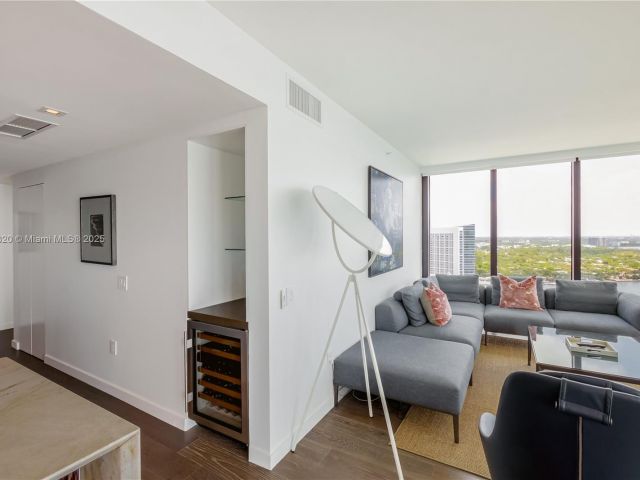 Apartment for sale  Unit #3606 - photo 6008167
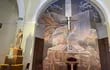Imponente retablo de la Catedral de Encarnación realizado por Carlos Colombino en 1987. Foto de Aldo Rojas.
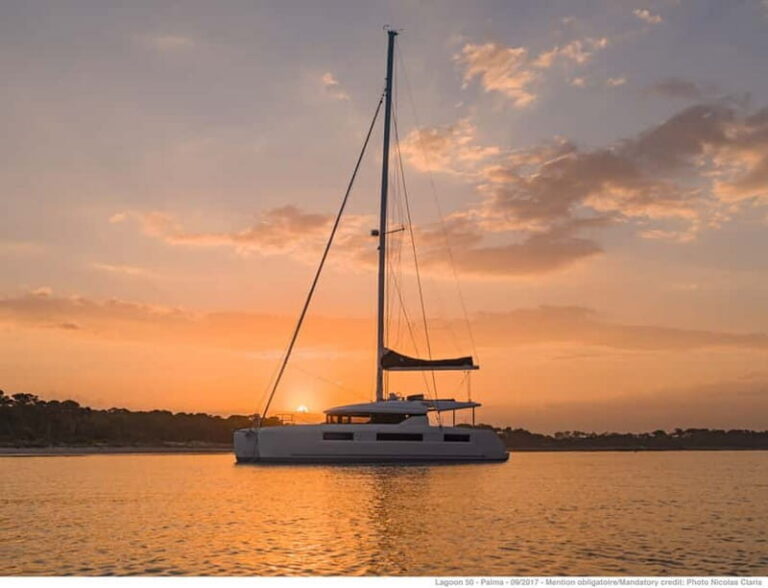 Athens: Half-Day Sunset Catamaran Cruise with Meal & Drinks - Getting to the Meeting Point Near Syntagma Square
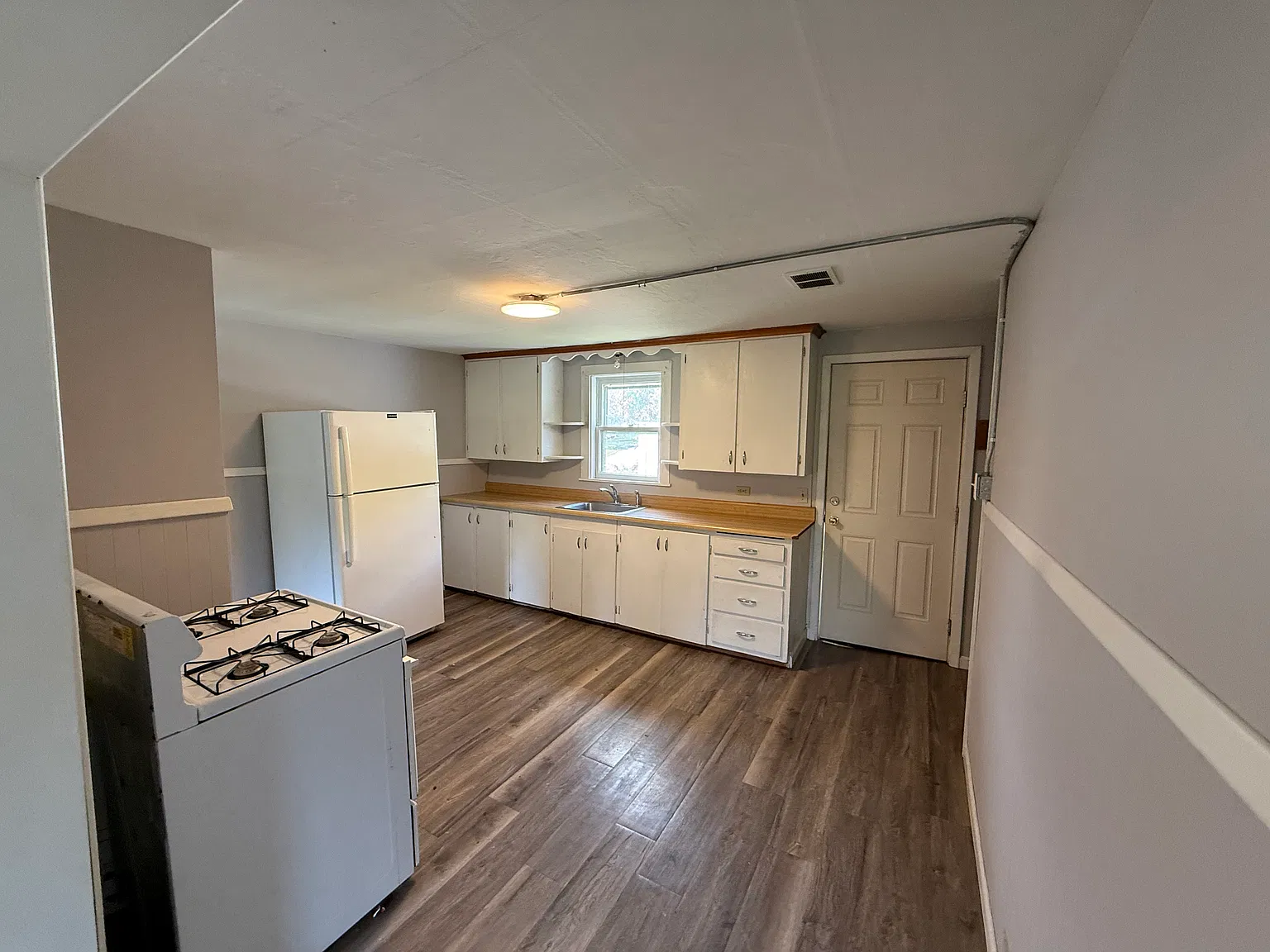 1 bed, 990 sqft, $1,000 — Photo 3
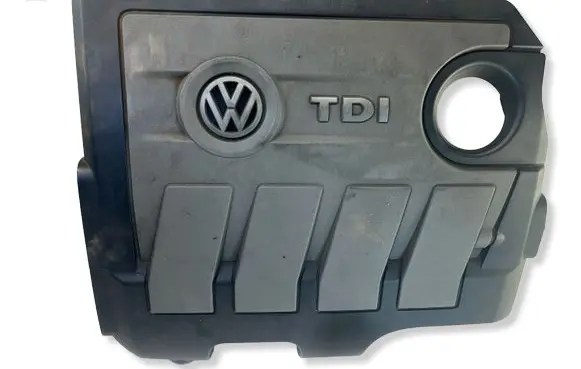 Volkswagen Golf VI Engine cover (trim) 03L103925B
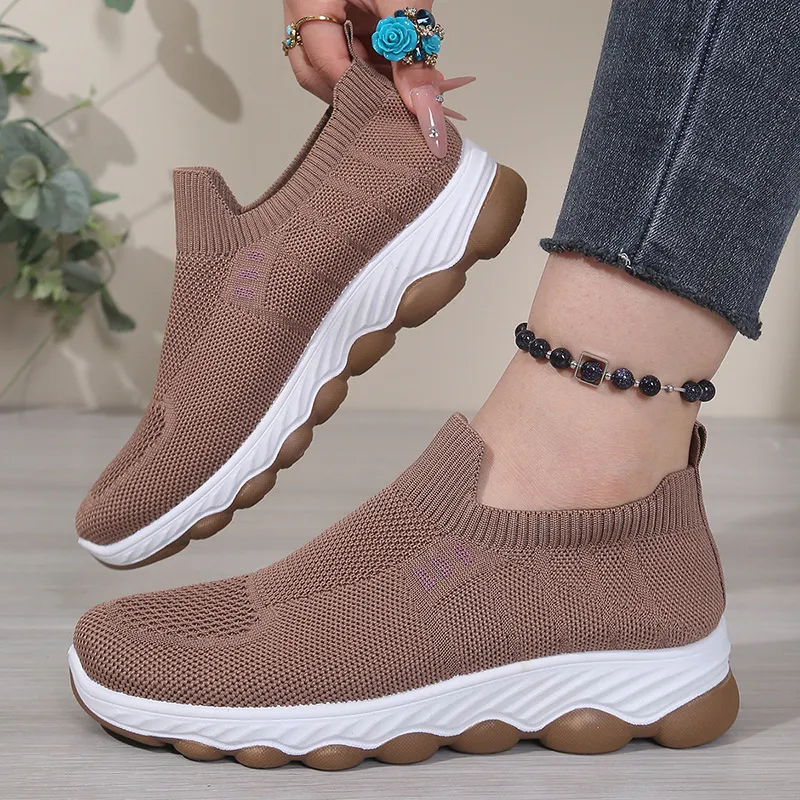 Flyknit Breathable Mesh Soft Sole Walking Shoes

☆ ☆ ☆ ☆

Set the lines down exactly as they stand, from the one containing "Volkswagen Golf VI" through the end of the listing, omitting every picture.

- **RESPONSE AREA**:
 Volkswagen Golf VI Engine cover (trim) 03L103925B
 Flyknit Breathable Mesh Soft Sole Walking Shoes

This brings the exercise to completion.